You can't say urbe doesn't mean city. It absolutely means city, but carries extra information about its place in the sentence.
Teaching students the form used right now is a common teaching method and effective for not overwhelming students.
Edit you don't teach Latin by throwing cases at students before they know how cases work. Giving the dictionary entry with each new word would be a great way to scare students off
Latin is a declension language. It means that nouns, pronouns and adjectives take different forms depending on their grammatical function.

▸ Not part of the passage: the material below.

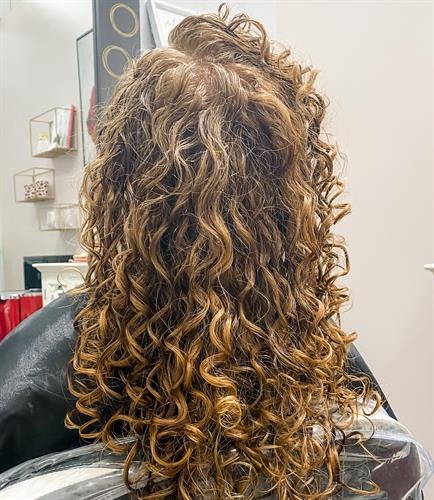 Curly Hair Cut at Salon 224 Curls Studio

Those forms are called "cases". There are six of them in Latin (seven if you count the rarely used locative). Ablative is one of them and is used in many grammatical contexts (it is often referred to as a "catch-all" case). For a more comprehensive explanation, you can look here : https://en.wikipedia.org/wiki/Ablative_(Latin)
In the sentence at hand, the words adopting the ablative case are "in urbe". They are put in ablative because the preposition "in" + the noun in ablative indicates we are speaking of a place with no movement involved.